Раковский стал главным героем статьи, посвященной румынскому социалистическому движению [814] . Это был первый опыт Троцкого в передаче биографии Раковского. Позже к жизни и деятельности этой личности Троцкий будет возвращаться неоднократно. Пока же, отмечая, что толчок румынскому социал-демократическому движению дала революция 1905 г. в России, Троцкий писал, что незадолго до этого времени Раковский начал свою деятельность в Румынии и почти сразу же оказался во главе социалистической партии в силу своих личных политических и организационных качеств.
Иной характер носил обширный очерк «Поездка в Добруджу», написанный под влиянием общения с Раковским, по приглашению которого и была совершена эта поездка в живописный добруджанский город [815] . Из Бухареста в Констанцу Троцкий и Раковский ехали вместе поездом. На железнодорожной станции их встречал кучер из имения Раковского, в прошлом матрос броненосца «Потемкин» Козленко. Очевидно, в связи с тем, что Раковский – видный социалистический лидер – был владельцем крупного сельскохозяйственного имения да еще имел в качестве слуги бывшего «революционного моряка», Троцкий не называл героя своей статьи по имени. Из деликатной ситуации автор вышел просто, сказав только, что Козленко служил кучером «в имении матери моего приятеля, болгарского врача, с которым мы вместе совершали путешествие», хотя добруджанское имение было собственностью самого Раковского, полученной им по наследству.

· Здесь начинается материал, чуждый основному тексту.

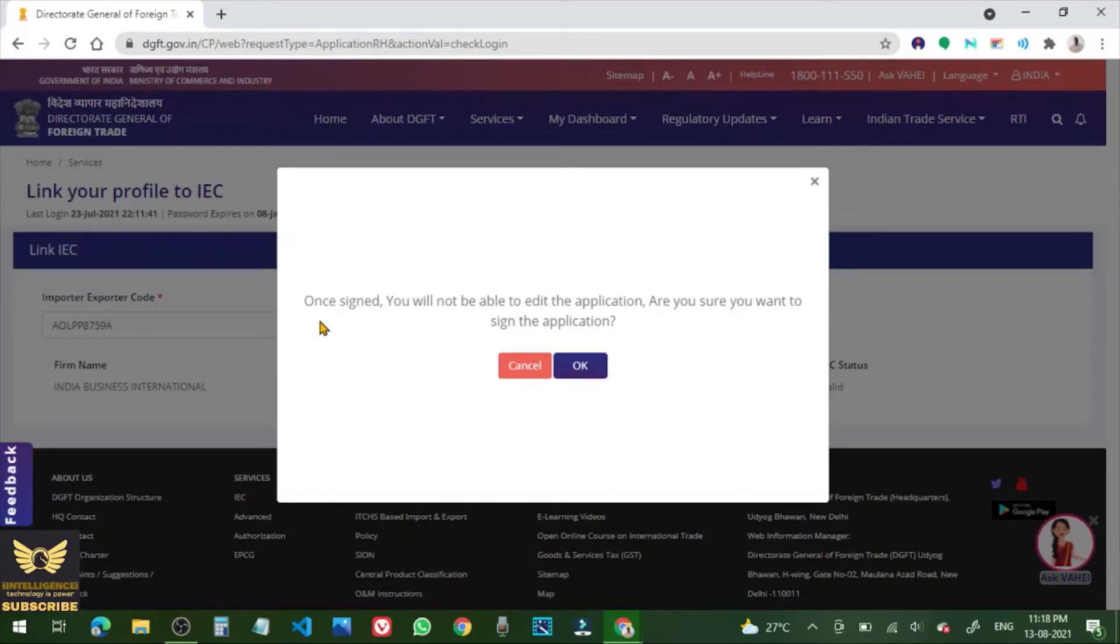So once signed you will not be able to edit the application. Are you sure you want to sign the application? Click OK.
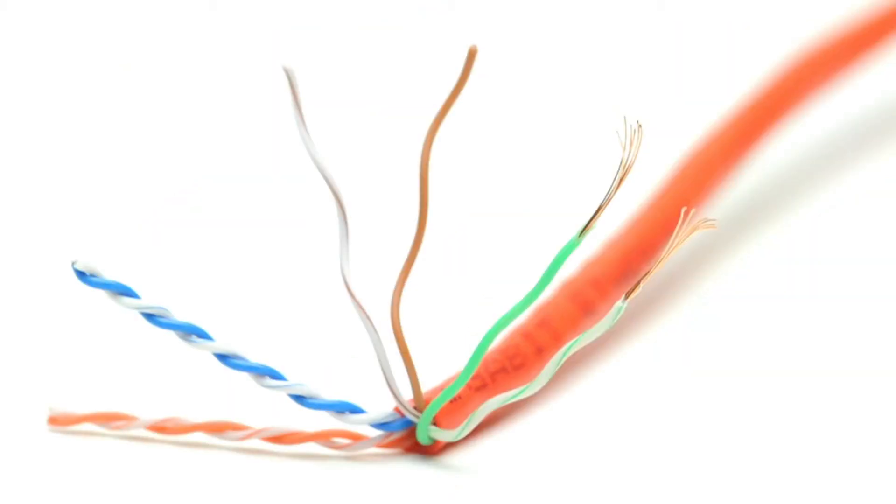The individual wires, or conductors, are made from 24 wire gauge, stranded, pure copper wire.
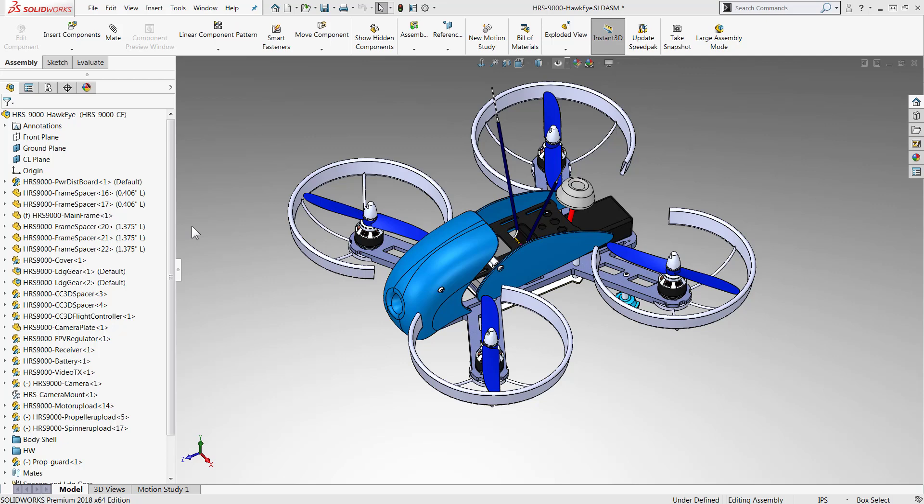Hi, my name is Sean Mars and I'm an Applications Engineer with Hawk Ridge Systems and today we're going to go over the Speedpack configurations.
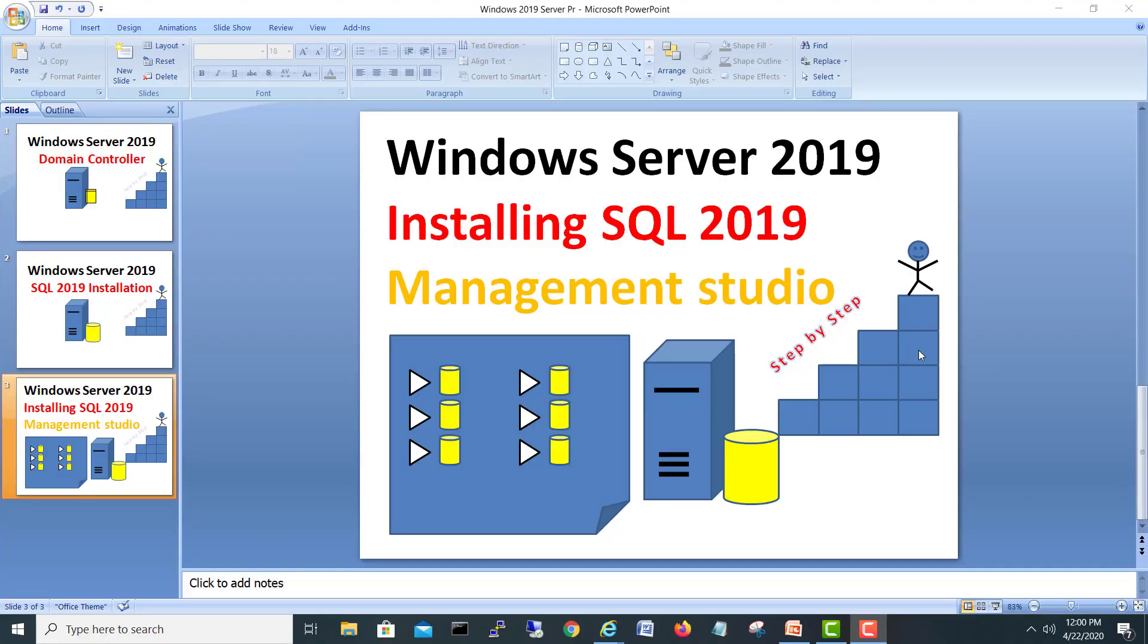Hi guys, my name is Mohammed Shahzad and today we are going to install SQL Management Studio 2019 for SQL Server 2019, which we installed in my last video. If you didn't see how to install SQL 2019, you can go back to my previous video in the list.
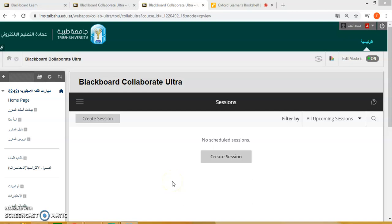So now let's go ahead and create a session. Let's click here — create session.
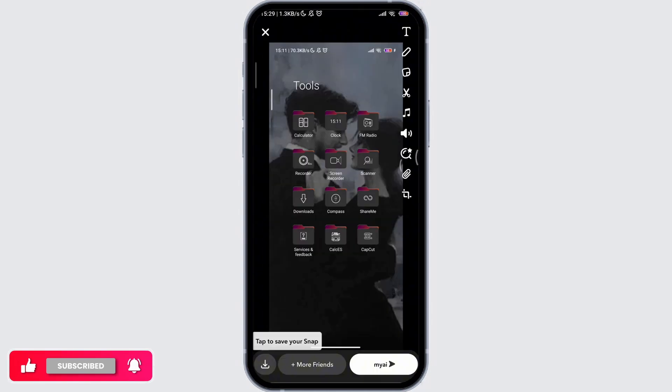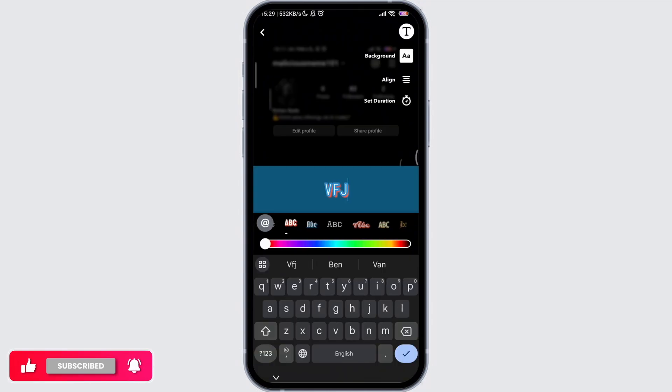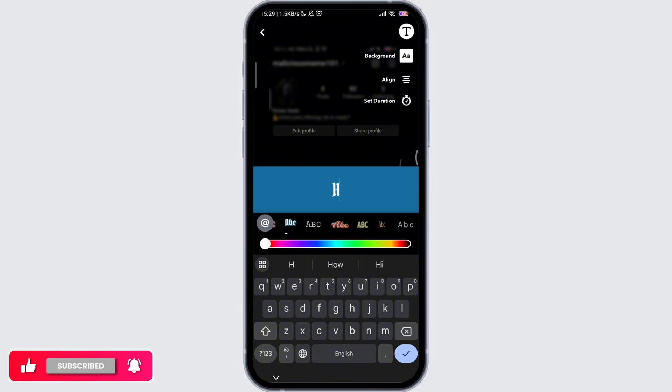Here you can select a photo snap as you wish. Then tap on the edit icon on the bottom left and tap on the T icon on the top right side, and you can write the text as you wish.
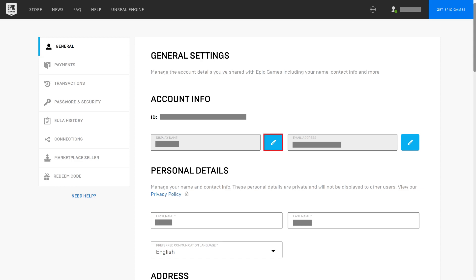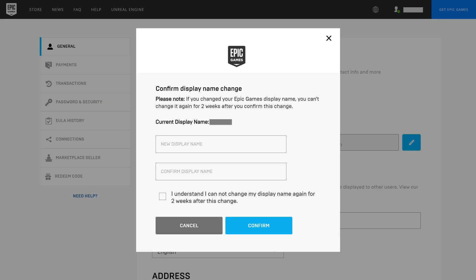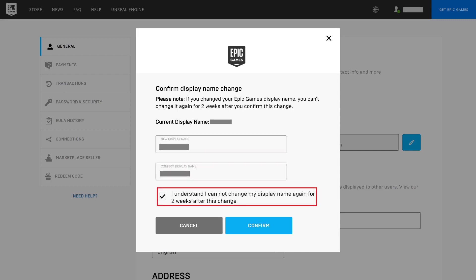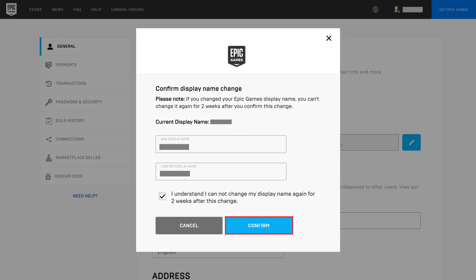Step 2: Click the Edit icon next to Display Name. The Confirm Display Name Change screen is shown. Step 3: Enter what you want to be your new Epic Games display name in the New Display Name and Confirm Display Name fields. Click to place a check mark next to the message asking you to confirm that you understand that you won't be able to change your Epic Games display name again for two weeks after this change.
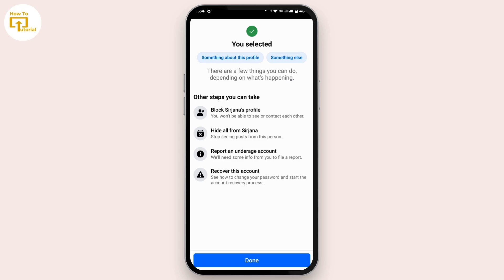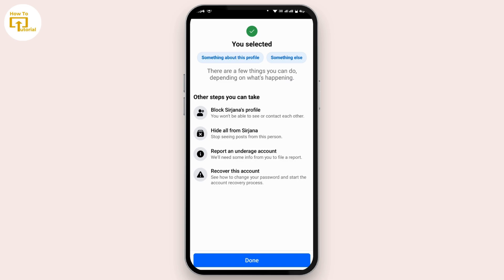And that's how you can block someone on Facebook without waiting for 48 hours. That's all for today's video. I hope this video helped you. If you're new to our channel, make sure to subscribe, like, comment, and hit the notification bell icon. Thank you for watching till the end, and I will see you in the next video.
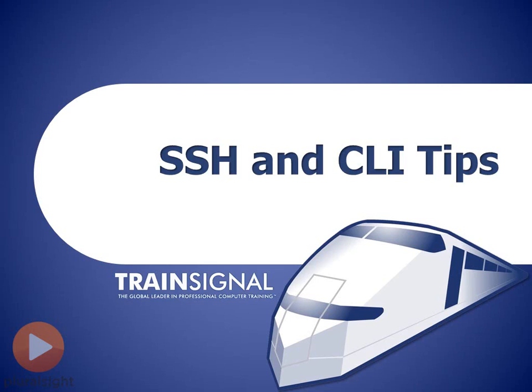Welcome to TrainSignal. I'm Ross Pagirdis and in this video we're going to take a look at how to enable secure shell SSH and also learn some tips and tricks that we can use on the command line interface of a Cisco router.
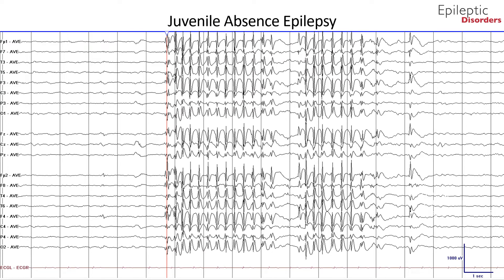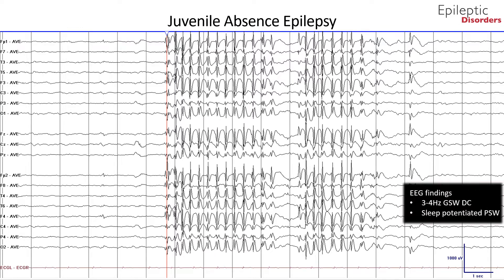This is the same EEG shown in average montage of the 13-year-old boy with staring spells and brief loss of consciousness, showing typical 3 Hz generalized spike and wave discharges. The sensitivity of this EEG has been altered for better visualization. Note the poly spike component outlined by the red circle and red star, which are enhanced during sleep.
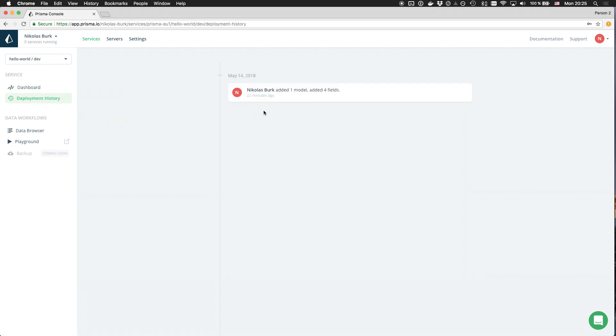The deployment history indicates when changes are being made to the configuration of my service, such as an update to the data model that defines the API.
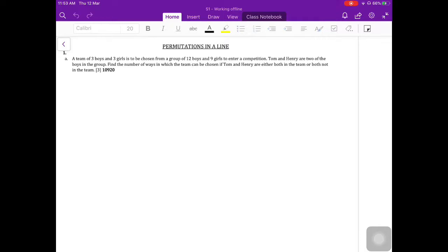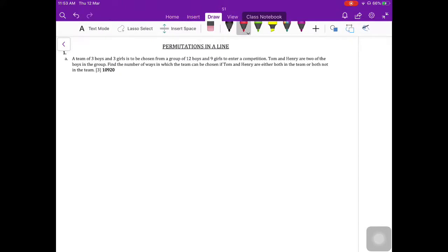This last section is about permutations in a line — people standing or sitting in a line. The first question says a team of three boys and three girls has to be chosen from a group of 12 boys and nine girls to enter a competition. Tom and Henry are two of the boys. Find the number of ways the team can be chosen if Tom and Henry are either both in the team or both not in the team. This is essentially a combinations question.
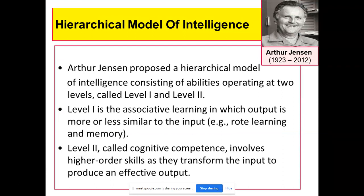Then we have the hierarchical model of intelligence, given by Arthur Jensen. He said ki hamaari jo bhi problem solving hai, intelligence se related cheezein hain, ye do level pe operate hote hain — Level 1 and Level 2. Level 1 is associative learning, jismein output jo hamaara learning ka hota hai, wo input ke almost jaisa hi hota hai. Agar aap koi cheez yaad kar rahe ho — that is associative learning — as-is cheez ko tar lena apne dimaag mein, basically rote learning — rataa maarना hota hai.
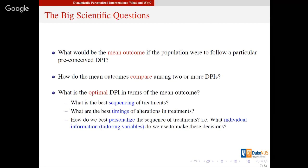The big scientific questions here are: how do you evaluate the mean outcome if a population follows a certain intervention? Then, how do you compare between two or more such interventions? And finally, you may want to do deeper personalization by thinking about what other characteristics of the individual you can utilize to find more optimal interventions — in an ideal world you collect all information and create rules learned from data to recommend the best intervention for each individual.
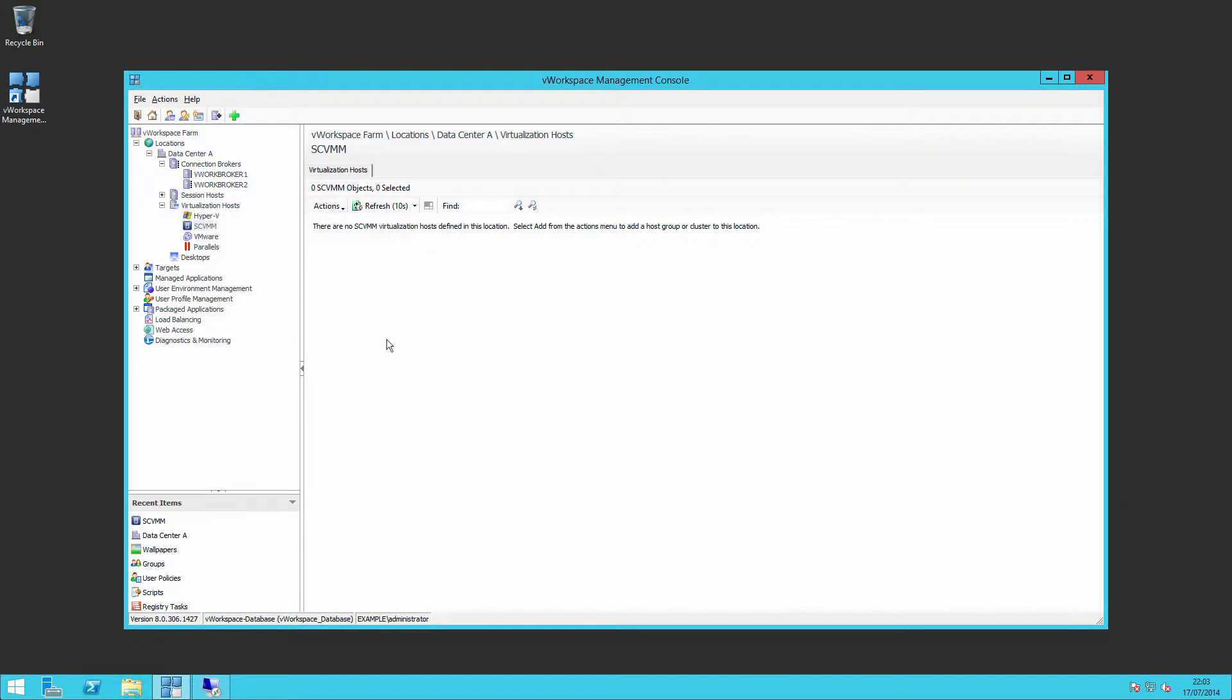Once you had your host configured, you could then view each of your groups, folders, etc. in SCVMM.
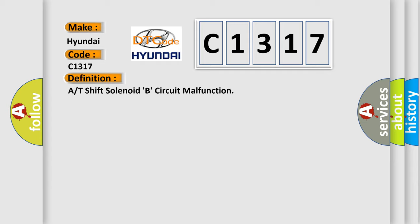The basic definition is: A or T-shift solenoid B circuit malfunction.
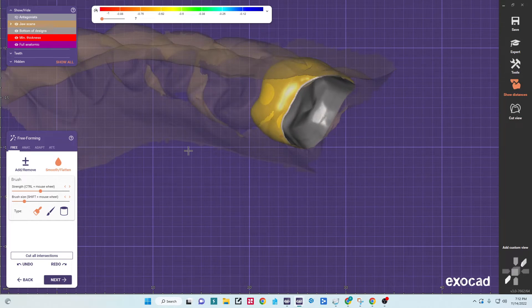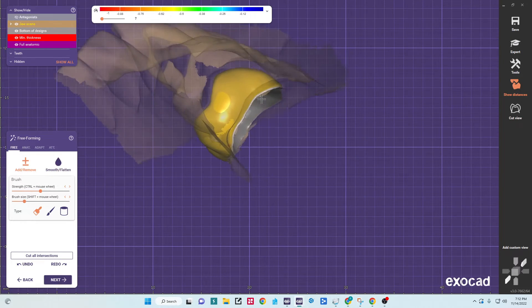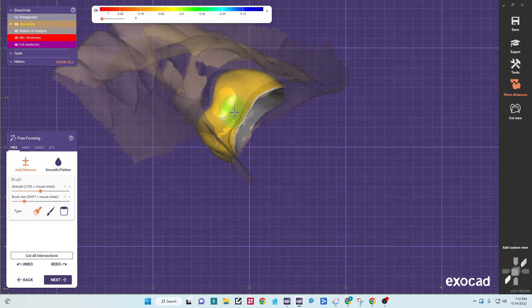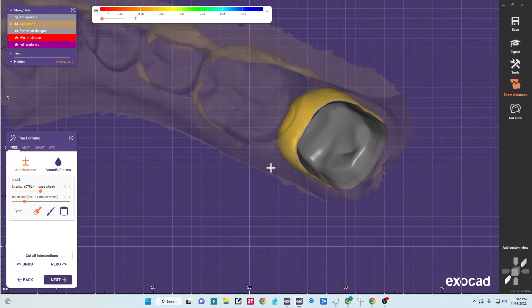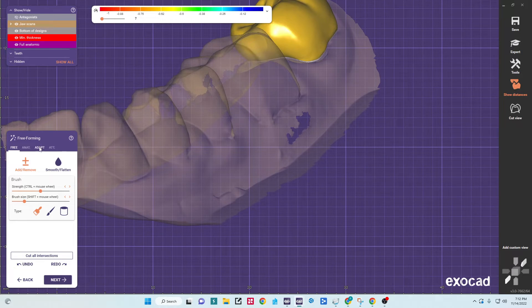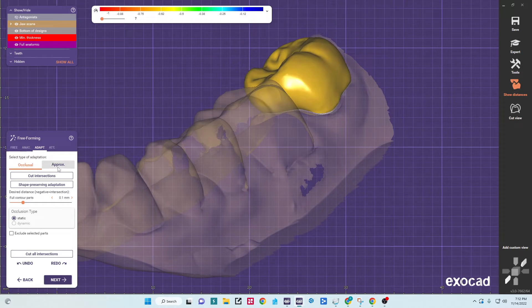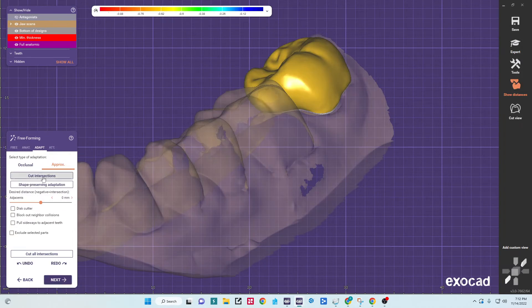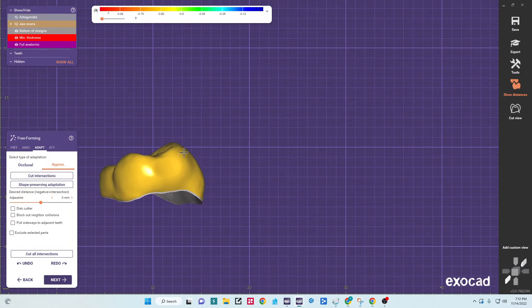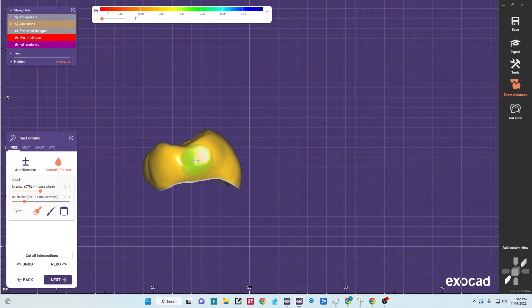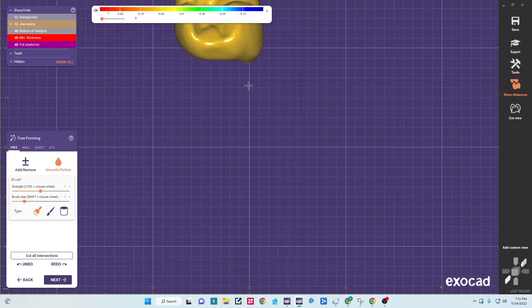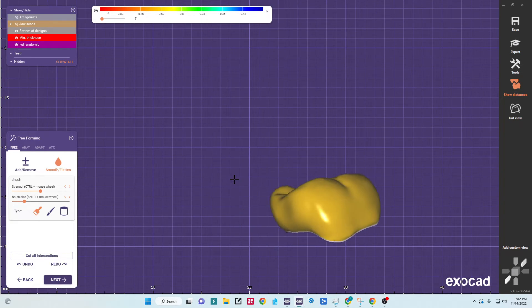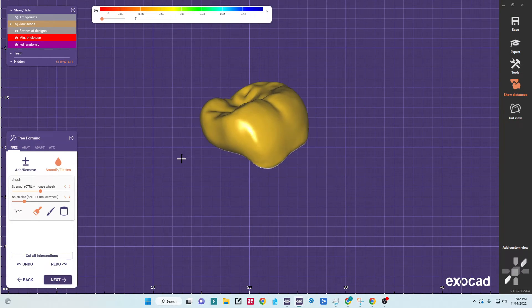Okay, the other tool we have in here that is helpful is, say we do over-bulk our contact here and we've got it sticking through to the neighbor. We'll go to adapt, occlusal, interprox, so this is interproximal cut intersection. And you can see it cut away to an exact. So I like to cut there, go back to free form, smooth flatten, and hit it just slightly. That way we have a nice broad contact that will adapt nicely to the neighbor, but it's also smooth so it doesn't catch floss.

Очерк содержал живое описание жилья Раковского возле города Мангалия: «Старый уездный дом, низкие двери, низкие потолки». Отмечалось, что в доме хранится единственный в своем роде архив по истории борьбы болгарского народа за национальную независимость.
Если иметь в виду черты характера Троцкого, которые складывались с юных лет, – эгоцентризм, высокомерное отношение к окружающим, трудный и почти невозможный процесс личного сближения с другими людьми, стремление всегда и во всех делах быть первым и демонстрировать это окружающим, просто поражает то чувство глубокого уважения и братской любви, можно сказать, даже почтения и почти восхищения, которое он испытывал по отношению к Раковскому. Вот лишь одно из описаний совместной прогулки по улице в Мангалии: «Мы проходим со своим другом и чичероне вдоль всей улицы, и я с почти мистическим удивлением гляжу, как он орудует в этом этническом и лингвистическом хаосе. Он поворачивает голову направо, налево, раскланивается, перебрасывается словами с одним столом, с другим, заглядывает в магазины, наводит хозяйственные справки, ведет мимоходом политическую агитацию, собирает сведения для газетных статей, и все это на полдюжине языков. В течение часа он без затруднений переходит десятки раз с румынского языка на болгарский, на русский, немецкий, турецкий – с приезжими колонистами и французский – с нотаблями».